YOUR GOAL: Tell me how many lines in the data below hold the string "image", and say nothing else.

Segment Start: ENTRIES SUPPLIED

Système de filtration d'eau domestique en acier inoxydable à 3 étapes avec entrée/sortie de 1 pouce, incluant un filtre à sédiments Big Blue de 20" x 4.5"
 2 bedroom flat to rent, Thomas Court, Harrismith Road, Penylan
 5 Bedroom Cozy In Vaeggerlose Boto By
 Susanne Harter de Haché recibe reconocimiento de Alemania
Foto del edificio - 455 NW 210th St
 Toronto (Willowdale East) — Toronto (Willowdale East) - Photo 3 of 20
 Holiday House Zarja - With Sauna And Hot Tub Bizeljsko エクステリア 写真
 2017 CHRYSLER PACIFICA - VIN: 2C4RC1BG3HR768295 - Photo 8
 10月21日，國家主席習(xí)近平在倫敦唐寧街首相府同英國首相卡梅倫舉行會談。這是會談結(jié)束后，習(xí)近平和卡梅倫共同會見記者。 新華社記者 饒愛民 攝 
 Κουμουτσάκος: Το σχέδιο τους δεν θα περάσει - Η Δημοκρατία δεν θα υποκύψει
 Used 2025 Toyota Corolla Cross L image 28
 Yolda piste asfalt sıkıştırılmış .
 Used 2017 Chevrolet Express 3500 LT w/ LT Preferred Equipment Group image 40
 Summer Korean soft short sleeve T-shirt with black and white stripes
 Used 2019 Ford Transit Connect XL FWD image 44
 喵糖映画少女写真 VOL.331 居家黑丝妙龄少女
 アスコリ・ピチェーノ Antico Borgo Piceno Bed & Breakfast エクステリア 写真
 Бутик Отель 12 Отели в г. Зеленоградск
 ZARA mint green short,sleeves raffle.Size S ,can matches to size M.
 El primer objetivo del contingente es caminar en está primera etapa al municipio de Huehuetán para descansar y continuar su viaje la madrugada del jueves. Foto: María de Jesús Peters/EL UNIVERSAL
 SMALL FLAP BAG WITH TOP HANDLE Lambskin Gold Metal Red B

Segment End: ENTRIES SUPPLIED

WRITTEN SOLUTION: 3